Prosecutor’s duty to disclose incriminating statement to defendant includes oral and written statements: CHESTNUT V. COM (SC 4/24/2008)

CRIMINAL:  Discovery Violation
DATE RENDERED: 4/24/2008

Having concluded that the Commonwealth’s failure to disclose an incriminating oral statement of the defendant per RCr 7.24(1) impermissibly tainted Chestnut’s defense in this case, SC reversed his convictions and 77 year sentence for four counts of burglary in the second degree, receiving stolen property over three hundred dollars, possession of a controlled substance, and illegal possession of drug paraphernalia. Looking at the plain language of RCr 7.24(1) stating that, "the Commonwealth shall disclose . . . any oral incriminating statement . . . made by a defendant," we find that it is apparent from a reading of the language of the rule, that RCr 7 .24(1) was intended to apply to both oral and written statements, which were incriminating at the time they were made. Consequently, to the extent that Berry, and its progeny Partin and Matthews hold that RCr 7.24(1) does not apply to a defendant’s oral incriminating statements, they are overruled. Accordingly, we now conclude that nondisclosure of a defendant’s incriminating oral statement by the Commonwealth during discovery constitutes a violation of the discovery rules under RCr 7.24(1), since it was plainly incriminating at the time it was made.

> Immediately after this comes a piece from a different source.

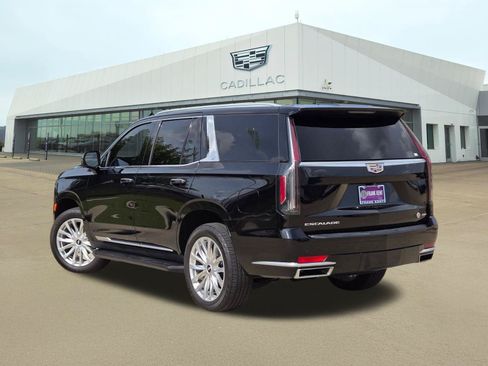 Used 2022 Cadillac Escalade Luxury AWD/4WD image 4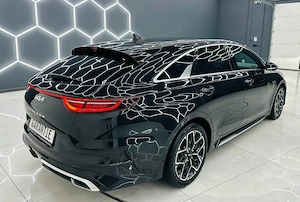Kia pro cee'd - imagine 3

Presentation of undisclosed evidence in violation of RCr 7.42(1) under the guise of rebuttal evidence pursuant to RCr 9.42 constitutes reversible error. Because the trial court abused its discretion in allowing the admission of the statements in violation of RCr 7.24(1), and because it reasonably likely that had the evidence been disclosed, Chestnut’s defense, and potentially the result, would have been different, the error was not harmless. The trial court committed error in allowing excluded evidence into the jury room during deliberations.